来源:互联网 发布:lep s world 2 mac 编辑:程序博客网 时间:2024/06/03 17:07
http://li5.ziti.uni-heidelberg.de/x264gpu/index.shtml.en
 
 
The increasing computation power of massive parallel architectures such as modern graphics devices can be used to speed-up the encoding of H.264 video material. Compared to plain hardware solutions, graphics device powered encoders have the advantage of much lower initial costs and at the same time offer the flexibility of boosting the performance with future device upgrades. In addition, computers of today already include high performance graphics devices, which improve encoding times with nearly zero extra costs. While other standalone GPU accelerated encoding solutions exist for H.264, this work shows the first working parallelization of the open source H.264 encoder x264 using OpenCL.

In favor of higher encoding speeds, better device utilization as well as better adaption to the encoder architecture, the serial design was later replaced by a more autonomous OpenCL working thread approach. The new working thread pipeline was optimized by using principles from the RISC architecture. More precisely, the estimation and selection modules were stripped down to a single process, moving the extracted functionality to discrete modules. In a final step, the sub-sequential Motion Estimation, Transformation and Quantization processes were ported to OpenCL and merged into the pipeline as well.

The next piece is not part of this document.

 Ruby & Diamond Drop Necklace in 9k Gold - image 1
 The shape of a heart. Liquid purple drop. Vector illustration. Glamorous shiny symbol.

Considering the fact that only a fraction of the motion estimation capabilities have been ported to OpenCL, the OpenCL powered encoding is up to 55% faster than the original Full Search based encoding of the unmodified x264. While other GPU solutions claim up to 20x speedup, independent tests against unmodified x264 shows similar gains as our implementation for FullHD. Furthermore, the current work is the first open-source, working integration into the x264 encoder that enables it to profit from the computing power of high performance graphics devices.